1) Integral structure of evaporation crucible and flow distribution nozzle

European patent nos. BE1009321A6, BE1009317a61 disclose a crucible nozzle structure as in fig. 1, 2, respectively, in the structure of fig. 1, the upper part of the crucible 1 is provided with a cover 2, so that a nozzle structure is formed between the cover 2 and the furnace wall for direct injection of vaporized metal. In the structure of fig. 2, a filter plate 3 is added to the evaporation crucible, and then a slit nozzle at the top is used for the injection of the metal vapor. In the design process of the two device nozzles, one adopts a Laval nozzle structure, the other adopts a convergent nozzle, and the nozzle is sprayed laterally at one direction position and is sprayed vertically at the other direction position.

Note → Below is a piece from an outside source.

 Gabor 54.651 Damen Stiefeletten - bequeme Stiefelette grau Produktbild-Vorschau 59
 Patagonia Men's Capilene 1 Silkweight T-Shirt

The related evaporating crucible and nozzle structure is also disclosed in the JPS59177370A, US4552092a patent, fig. 3 shows a crucible nozzle structure with automatic metal liquid replenishment, the nozzle 4 adopts a wider outlet, and a heater 5 is also arranged at the upper part of the crucible for heating steam and the like. In the structure of the crucible nozzle shown in fig. 4, the structure is unfolded by a side arc 6, the side spraying is performed, and a heating pipe 7 is also arranged on the outer side of the crucible wall for heating the wall surface.

2) Split structure of evaporation crucible and flow distribution nozzle

In patent WO2018/020311A1, a split type crucible nozzle structure is disclosed, as shown in fig. 5, in which a crucible is connected at the bottom with a molten metal supply tank 8, the upper part of which sends metal vapor to a tubular distributor and a front-end vapor nozzle through a split type pipe 9, and then the metal vapor is sprayed to a metal plate through the nozzle at a high speed.

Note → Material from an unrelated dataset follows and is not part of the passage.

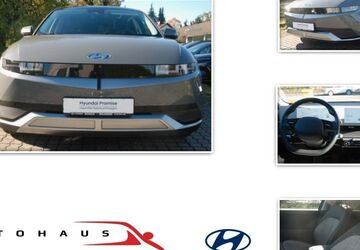 Hyundai IONIQ 5 12.550 km 30.890 &euro; Erlangen 91056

In patent CN103249860a, a split type distributor and nozzle structure is disclosed, as shown in fig. 6, steam is sent into an upper horizontal pipe 10 through a pipe, and a porous nozzle is provided at the top of the horizontal pipe 10 to uniformly spray the metal steam on the surface of the metal plate.

In patent CN101175866a, a metal vapor flow distributor and a nozzle form are disclosed, as shown in fig. 7, the cross-section form of the nozzle is shown, wires are wound on the outside of a pipe 11 of the flow distributor to heat the pipe, the nozzle part is a square shell, as shown in fig. 8, an annular pipe made of another material is nested inside the square shell 12, the annular pipe is used for spraying metal vapor, and a vapor outlet form used by the nozzle is porous.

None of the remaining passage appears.